そしてその背中は、少し迷ったあと――右ではなく、左へ曲がった。
それだけのことなのに、なぜか店員の胸の奥に、言葉にしづらい感覚が残る。
何かがほんの少しだけ、いつもと違った。
その違いがどれほどの意味を持つのかはわからない。
でも、見てしまった以上、なかったことにはできない気がした。
「変わりましたね」
背後から、カフェラテの客の声。
振り向くと、その人も立っていた。
「……見てたんですか」
「ええ」
穏やかに頷く。
「こういうのは、見届けたほうがいいので」
「……なんなんですか、本当に」
半分笑いながら、半分本気で聞く。
すると、その客は少しだけ考えてから言った。
「偶然居合わせた人ですよ」
「それ、たぶん一番信用できない言い方です」
「そうかもしれません」
その人は会計を済ませ、静かにドアへ向かう。
「おすすめ、ありがとうございました」
「こちらこそ」
「次は、もっと早く決められるかもしれませんね」
「何をですか」
「本日のおすすめです」
そう言い残して、外へ出る。
傘もささずに歩き始めるものだから、店員は思わず追いかけそうになった。
けれど、ドアの外に出たときには、通りの向こうにもう姿がない。
「……嘘でしょ」
雨はまだ降っている。
隠れる場所も少ない。
なのに、いなくなっている。
店員はしばらくそこに立ち尽くしてから、ゆっくりと店の中へ戻った。
⸻
閉店作業をしながら、カウンターを拭く。
今度は左から拭いてみた。
それで何かが大きく変わるわけではない。
でも、今日くらいはそうしてみようと思った。
窓の外では雨が少しだけ弱くなっている。
「……本日のおすすめ、か」
店員は一人で呟く。
誰が決めるものなんだろうと思う。
店の流れか。
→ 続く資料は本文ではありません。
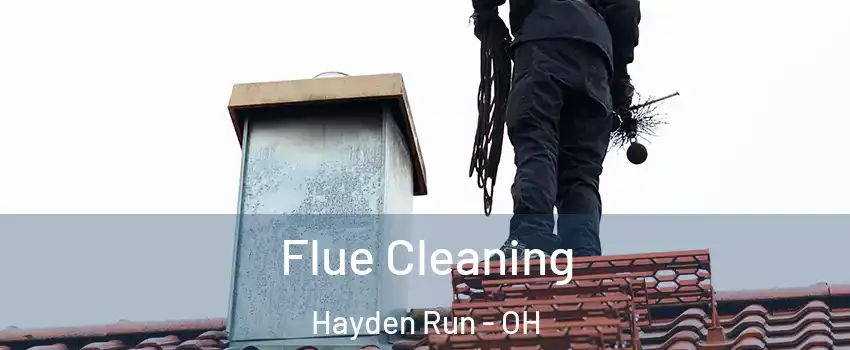 Flue Cleaning Hayden Run - OH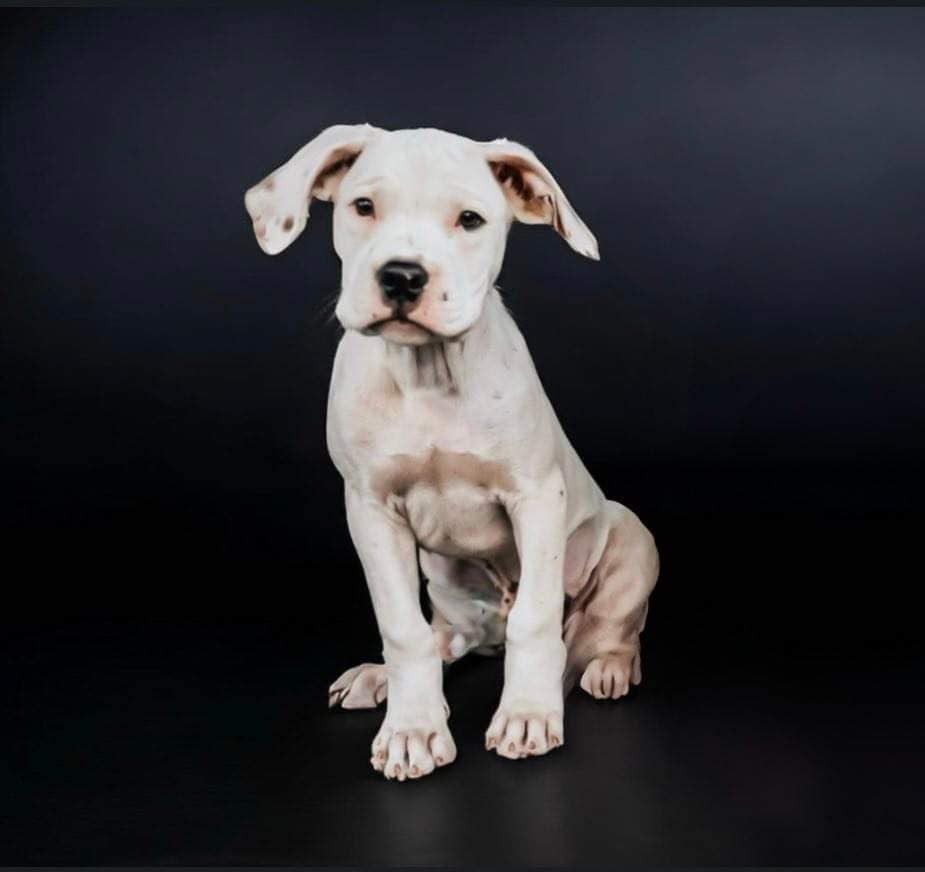 adoptable Dog in Albuquerque, NM named Boo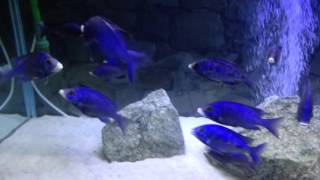 Placidochromis Phenochilus Mdoka White Lips African cichlids [upl. by Krigsman89]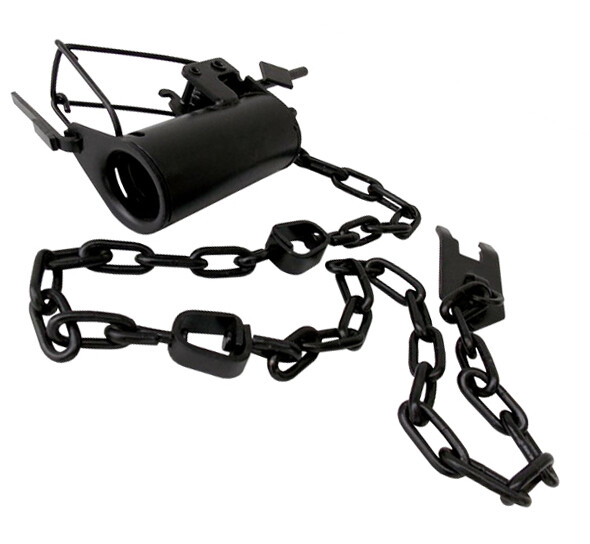 NO-BS Dog Proof Raccoon Trap – Coon Trapping – Coated DPs with Stake & Chain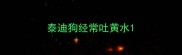 泰迪狗经常吐黄水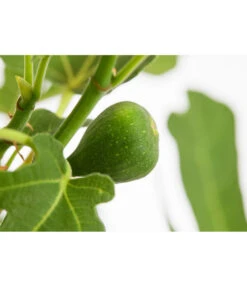 Feige 'Rouge De Bordeaux' -Haus Pflanzen Welt 7642937 PR DE 001 FicusCaricaFeigeBrownTurkey7 5LDehnerExpressZS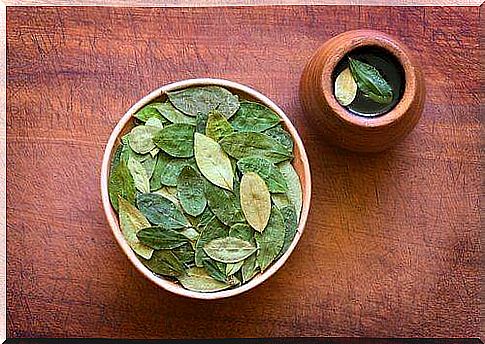 Why tea made from coca leaves is good for health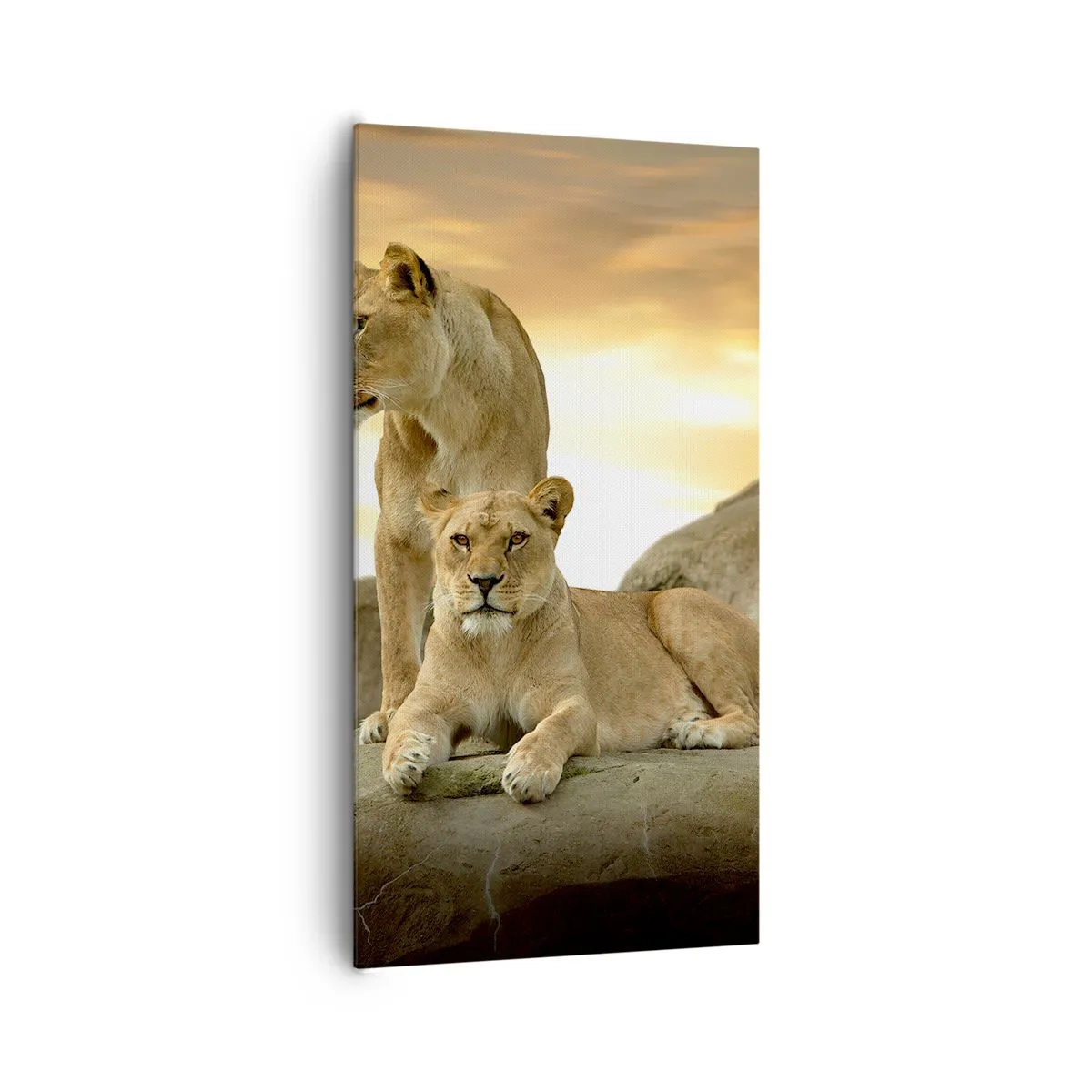 Bild auf Leinwand - Leinwandbild - Königliche Majestät - 65x120 cm
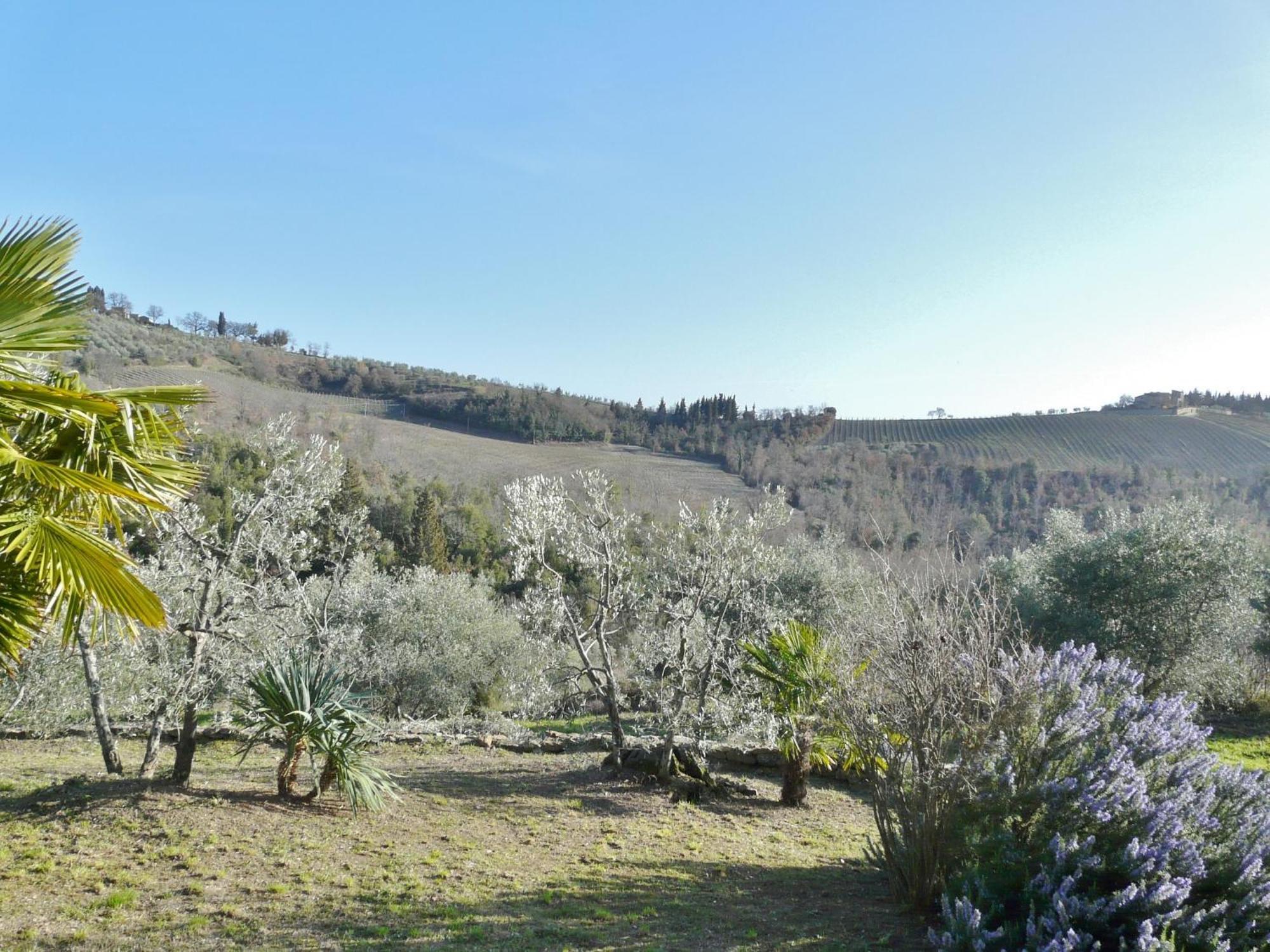 Podere Patrignone Guest House Castellina in Chianti Rom bilde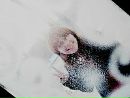 Саша Имко фотография #21 (источник - https://vk.com/id101288613)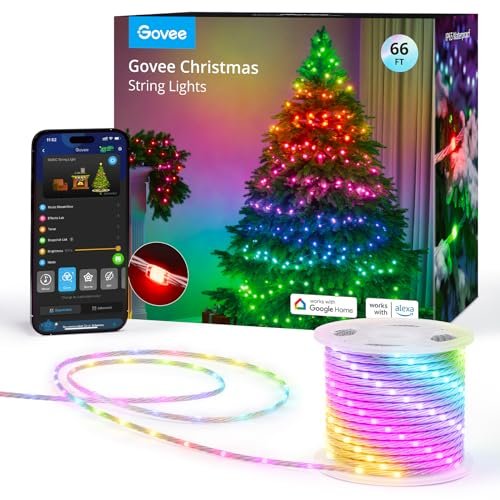 Best Christmas Lights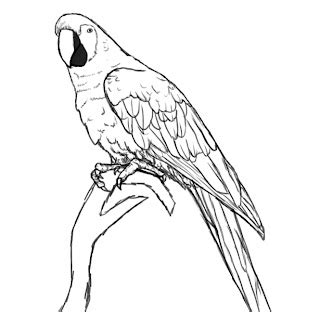 How To Draw A Parrot - Draw Central
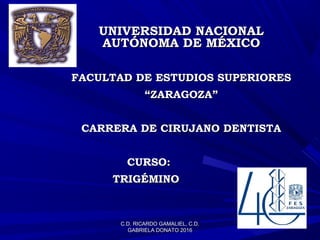 C.D. RICARDO GAMALIEL, C.D.C.D. RICARDO GAMALIEL, C.D.
GABRIELA DONATO 2016GABRIELA DONATO 2016
UNIVERSIDAD NACIONALUNIVERSIDAD NACIONAL
AUTÓNOMA DE MÉXICOAUTÓNOMA DE MÉXICO
FACULTAD DE ESTUDIOS SUPERIORESFACULTAD DE ESTUDIOS SUPERIORES
““ZARAGOZA”ZARAGOZA”
CARRERA DE CIRUJANO DENTISTACARRERA DE CIRUJANO DENTISTA
CURSO:CURSO:
TRIGÉMINOTRIGÉMINO
 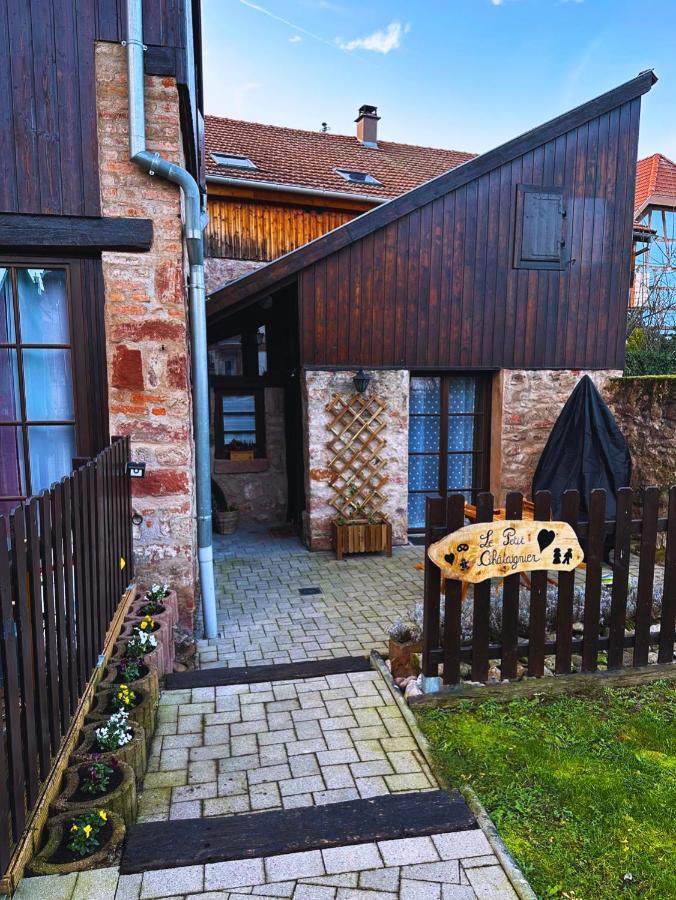 Le Petit Chataignier - Cozy Immo Chatenois  Exterior photo
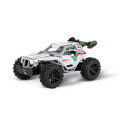 RC Car Team Rider 2,4GHz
天気か。気分か。
それとも、ほんの少しだけ迷って、結局選んだ誰かの手なのか。
明日もたぶん、店は開く。
同じ時間に。
同じように。
そして、たぶんまた誰かが来る。
でも今日見た“左に曲がる背中”だけは、少しだけ長く残る気がした。
たぶん、こういう小さな違いを覚えていることが、あとで何かになる。
何になるのかは、まだわからないままでも。